Tony Keller is The Globe and Mail's editorial page editor.

The pat answer to why Hillary Clinton is not a shoo-in to become president, why she nearly lost her party's nomination to some unknown old guy, and why her unfavourability rating is as stratospheric as Donald Trump is: She's a woman. And people don't like her personality.

If only it were so simple.

America's legions of Hillary haters are a species that thrives in both blue and red states. Ms. Clinton has spent nearly two decades trying to become president, and she has to some extent aimed to be all things to all people. But a lot of those people have come to see her, fairly or not, as embodying all the things that enrage them.

The first and biggest group of Hillary haters: conservatives. The fault lines in the U.S. political landscape have grown into canyons, and most Republicans think Democrats are living in another country. For a solid core of at least a third of the electorate, there is no chance of them voting Democrat, no matter who is the leader. Just ask President Barack Obama, who tried to do deals across the aisle. Even if he surrendered, the other side wouldn't accept.

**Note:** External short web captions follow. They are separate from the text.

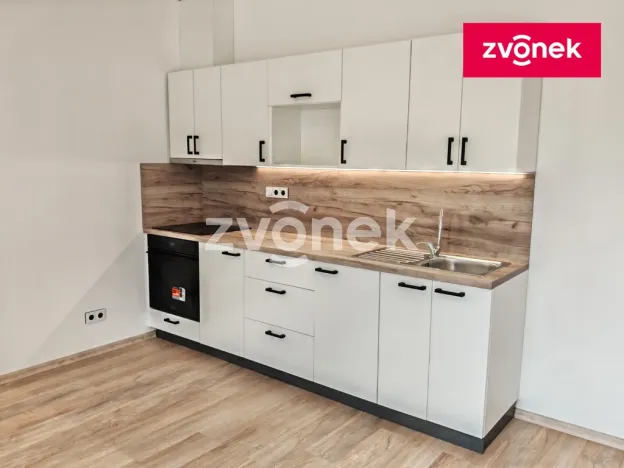 Pronájem bytu 1+kk, Otrokovice, Komenského, 36 m2
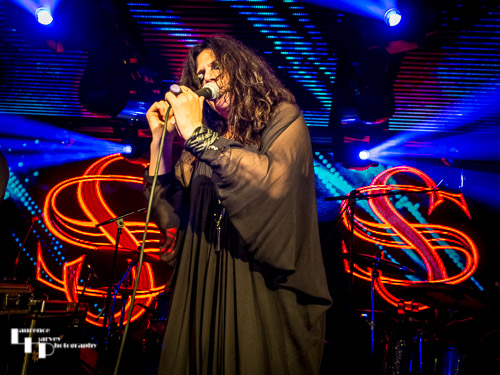 Sari Schorr on vocals
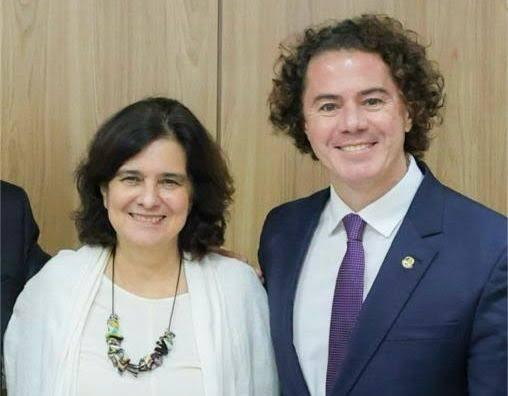 Veneziano amplia recursos federais destinados a área da saúde de Campina Grande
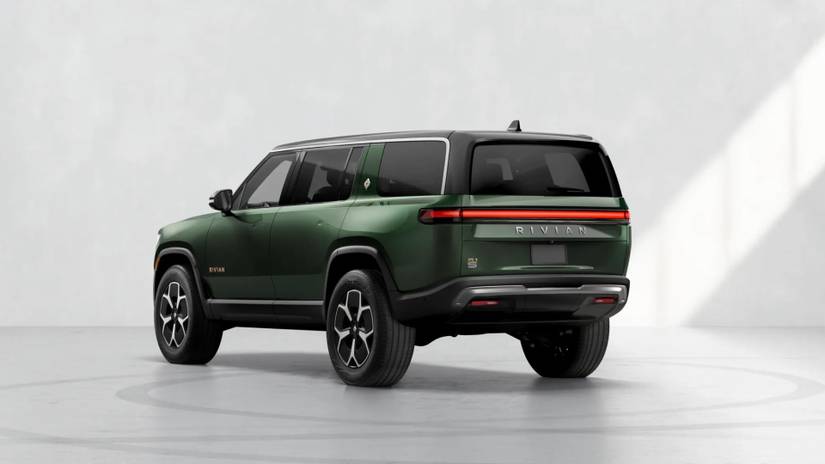 Rivian R1S: Everything You Need to Know About the Electric SUV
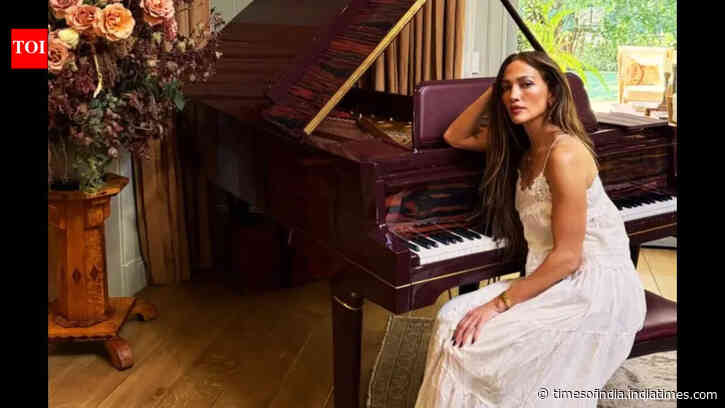 Jennifer Lopez's Hidden Hills living space spotlight cosy statement pieces: Decor inspirations to steal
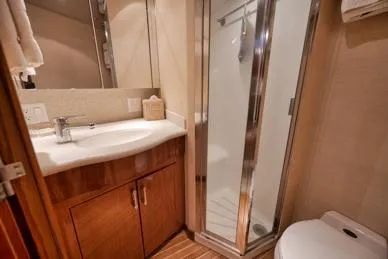 Jen Jen Yacht Photos Pics 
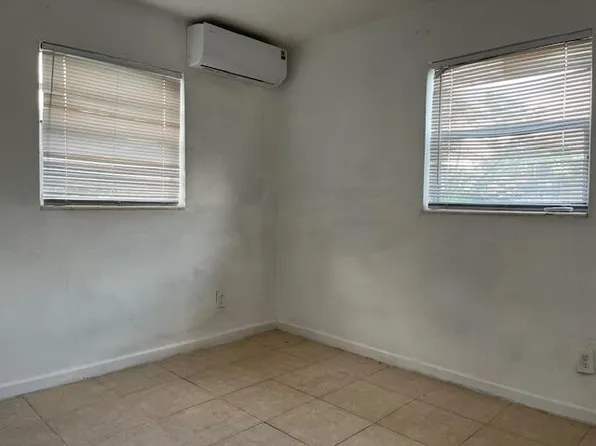 1808 NW 9th Street #1-2, Fort Lauderdale, FL 33311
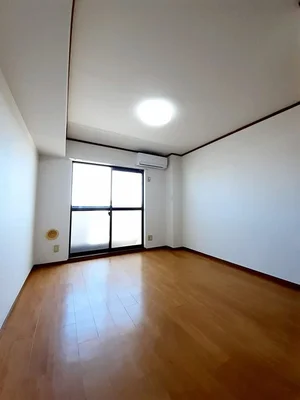 のマンスリーマンション・ウィークリーマンション「レ－ルサイド木村 206・洋室(No.1293231)」メイン画像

If Jesus Christ himself were the Democratic nominee, the GOP would right now be questioning his parentage, demanding to see his birth certificate, calling him soft on crime, accusing him of turning the other cheek to America's enemies, and mocking him as someone who only got the job because of his father. Millions of churchgoing conservatives would agree with that assessment, and vote likewise.

The other group of Hillary haters are Bernie's diehards. Republicans say she's a socialist. But for left-leaning Democrats who supported Bernie Sanders, the problem is that she isn't much of a socialist. To them, she's not the answer to what's wrong with America. She is what's wrong.

Way back in the 1970s, a young Ms. Clinton may have been on the left wing of the party. But experiences in the 1990s, such as her failure to pass universal health care – unfairly derided as Hillarycare – taught everyone in the Bill Clinton presidency a lesson: To keep power, and to pass legislation, they had to win over some soft-conservative voters. And to do that, they had to move the centre of the Democratic party to the right.

Her primary campaign suffered from that legacy. Time and again, she had to apologize for 1990s policies, like bank deregulation, or the tough-on-crime measures passed by her husband, which had an outsized impact on African-Americans.

During protests Tuesday night outside the Democratic National Convention, one Bernie die-hard was holding a sign that read: "A Vote For Hillary Is A Vote For Trump." Mathematically speaking, this is nuts: Every vote for Ms. Clinton makes it less likely Mr. Trump will win. But many voters see Ms. Clinton's record, and her exceptionally deep fundraising connections to Wall Street, as proof she's on Team Oligarch.

And the revolution that has swept through both parties this season, destroying the traditional GOP and forcing Hillary to accommodate Bernie's left-wing ideas, is a revolution against the establishment. There is no one more establishment than Ms. Clinton. She's been around a long time, giving her an extremely long record to defend. She first entered the White House a year before Jean Chrétien was elected prime minister. Imagine if Aline Chrétien were about to become Canada's next PM.

Does the fact that Ms. Clinton is a woman explain why Donald Trump has a big lead among men? Partly. But the Republican-Democrat gender gap has been there for years. And it cuts both ways: Mr. Trump trails badly with women.

To become president, Ms. Clinton doesn't have to get all the Bernie diehards to join her. But she has to win over most of America's left-leaning primary voters. At the same time, however, she needs some soft conservatives, especially blue-collar men, to back her, too.

That's why Ms. Clinton named a conventional-looking white guy as her vice-presidential running mate rather than, say, Mr. Sanders or Elizabeth Warren. Message: Not too much change. It's also why Bill Clinton was sent out on Tuesday night to deliver the opposite message: that Hillary is "the best darn change-maker I have ever known." To drive the point home, the audience was told to wave signs that said, "Change Maker."

It's a delicate balance, because politics is about compromise. But in this year of revolution, a lot of voters think Ms. Clinton is simply compromised.